══ Input material

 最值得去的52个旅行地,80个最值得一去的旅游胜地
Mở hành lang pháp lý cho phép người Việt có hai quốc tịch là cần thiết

════
══ Input material

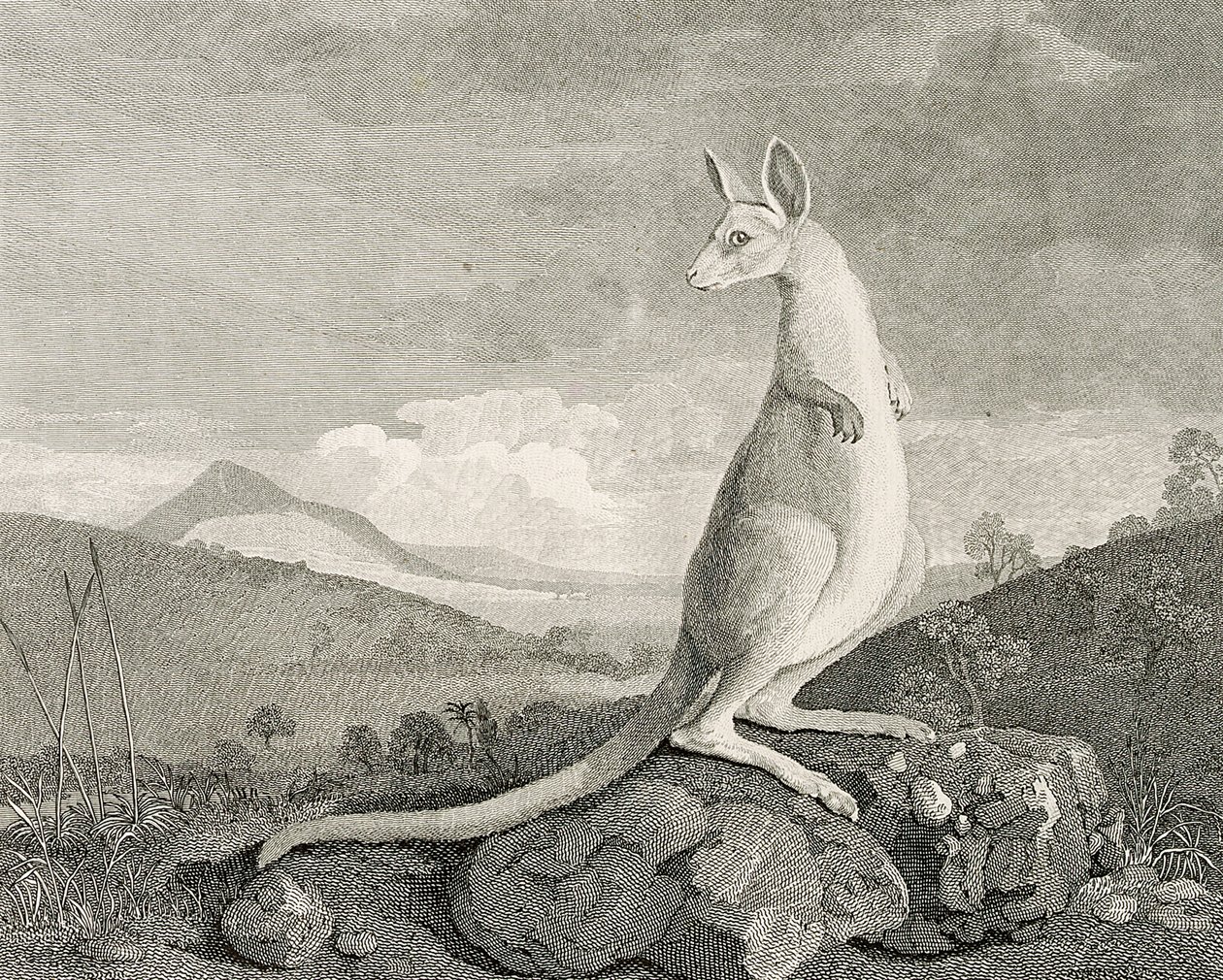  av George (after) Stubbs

════

## Activity
Send back exactly the lines of the listing above starting at the one with "最值得去的52个旅行地,80个最值得一去的旅游胜地" and ending at the one with "Mở hành lang", inclusive, and no others.

## Solution for this task
 最值得去的52个旅行地,80个最值得一去的旅游胜地
Mở hành lang pháp lý cho phép người Việt có hai quốc tịch là cần thiết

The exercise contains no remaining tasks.